Connecting Typicality with Conditional Probability
We start from eq. 8 of [Li et al. 2023]:
\begin{equation}
p_\theta\left(c_i|x\right) = \frac{1}{\sum_j \exp \left\{\mathbb{E}_{\epsilon, t}\left[L_t(x, \epsilon, c_i) - L_t(x, \epsilon, c_j)\right]\right\}},
\tag{1}
\label{li}
\end{equation}
where $p_\theta\left(c_i \mid x\right)$ is the probability of a label $c_i$ conditioned on an input image $x$, across the set of all available labels $c_j$.
$L_t$ is the loss of the diffusion model at timestep $t$, defined in eq. 2 of the main paper, computed for a certain noise $\epsilon$ and timestep $t$.

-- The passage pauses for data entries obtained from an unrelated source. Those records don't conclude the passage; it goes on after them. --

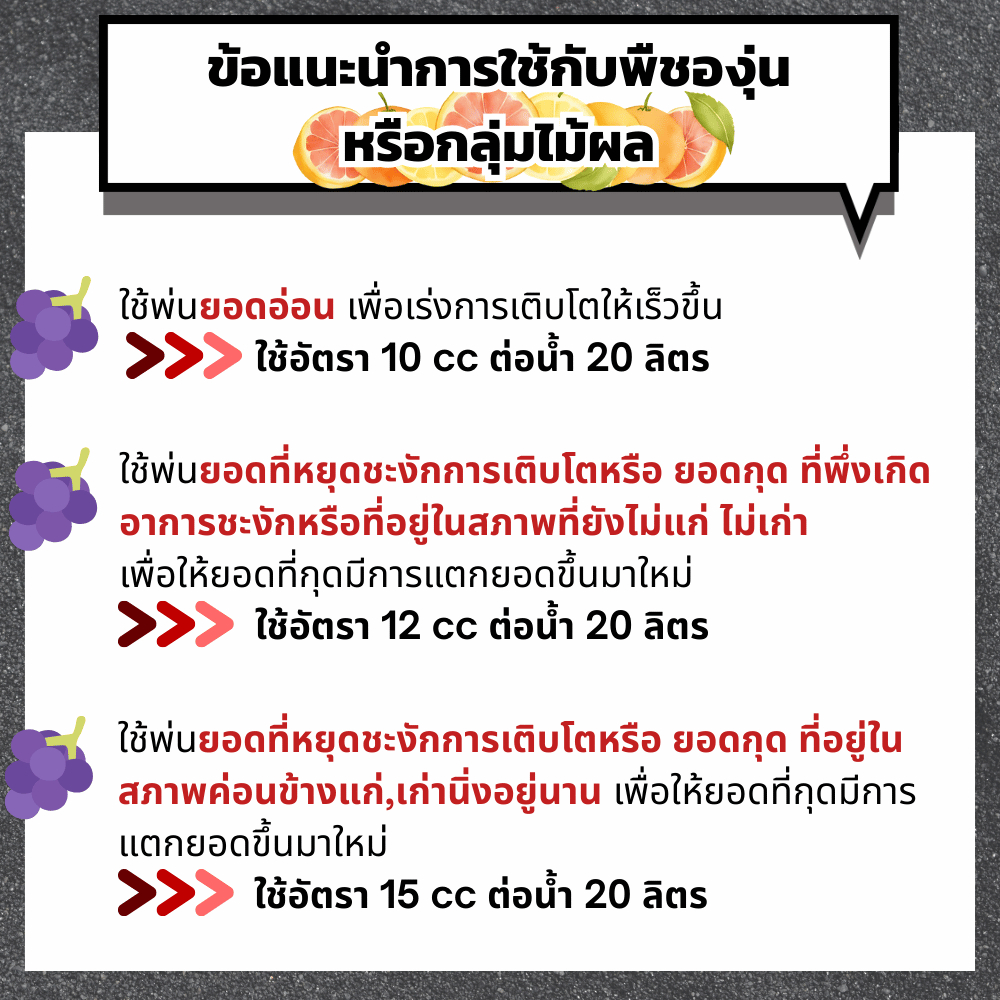 PGS1 น้ำยาสร้างยอด เร่งการเติบโต – ชนิดผสมน้ำพ่น ราคา ถูกที่สุด ดีลบีเคเค แกลเลอรีภาพที่ 6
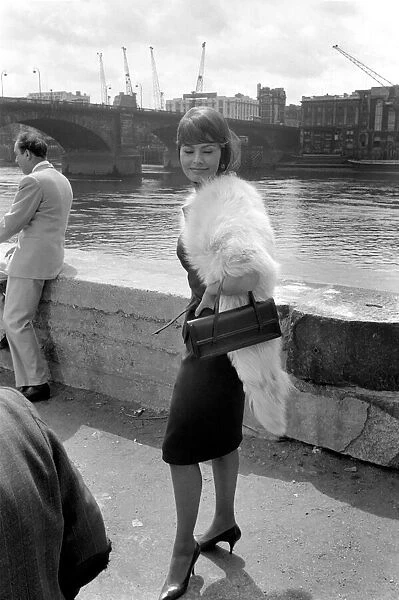 Sophia Loren filming 'The Millionairess'at London Bridge. June 1960 M4468-013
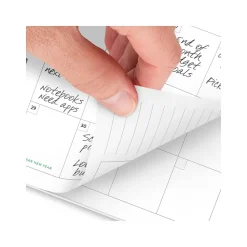 2025 AT-A-GLANCE Simplified by Emily Ley Greenbriar Floral 5.5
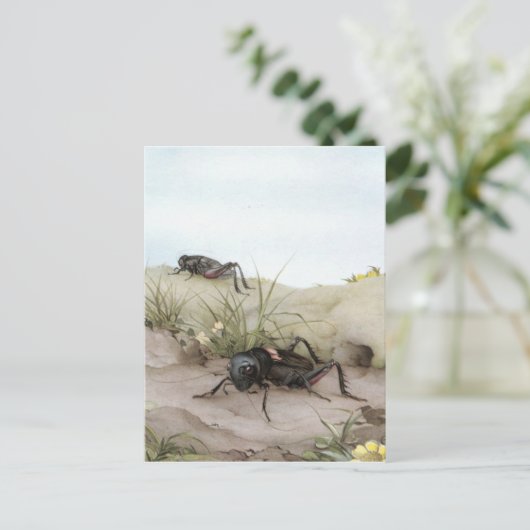 CARTE POSTALE LE CRICKET DE CHAMP (Debout devant)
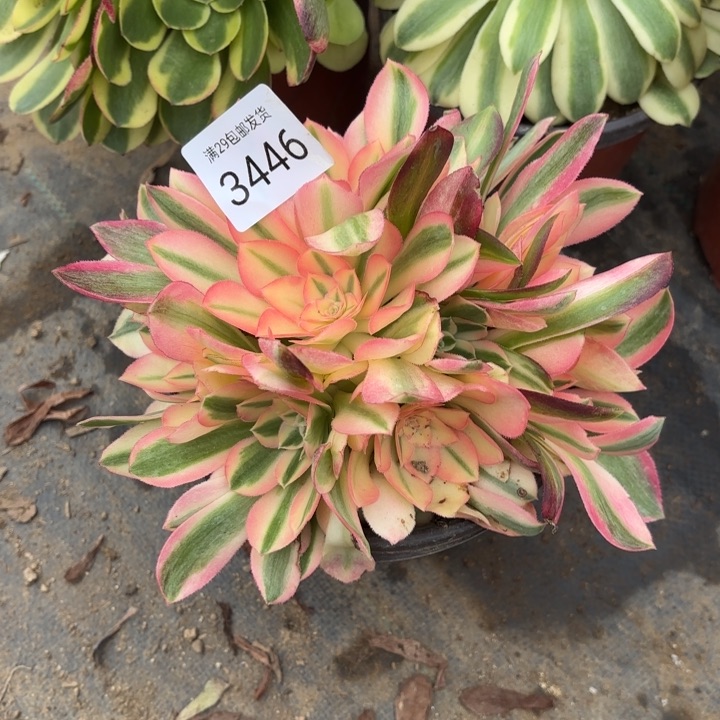 粉女巫多肉法师3446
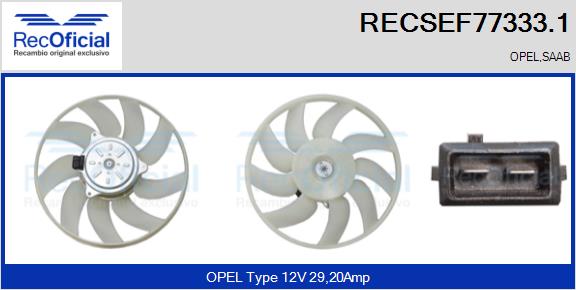 RECSEF77333.1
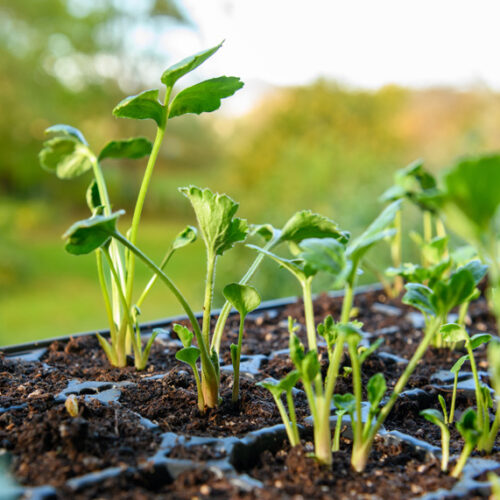 Success with seedlings Seedlings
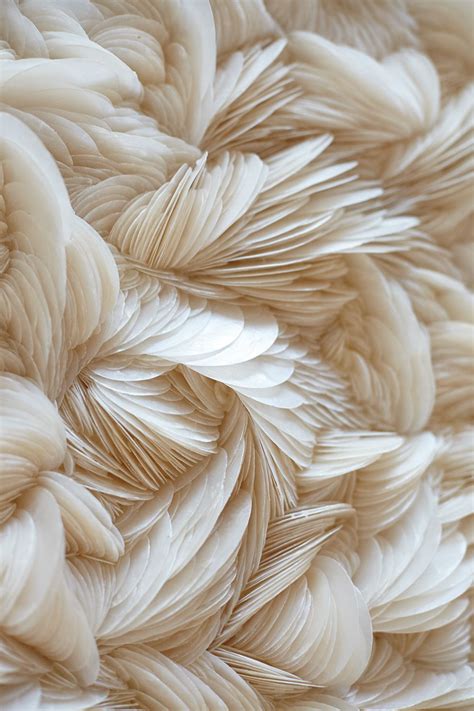 Maybe you would like to learn more about one of these? 2015 | Gallery_Categories | Aesthetic wallpapers, Beige ...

Instead of computing probability across all classes in the denominator, we only compute the probability across the target class $c$ and $\varnothing$. This is motivated from classifier free guidance [Ho and Salimans, 2021], where instead of contrasting $c$ to all other conditions $c'\neq c$, to generate an output that respects $c$, the authors do it against a separate label $\varnothing$, learned from all the data.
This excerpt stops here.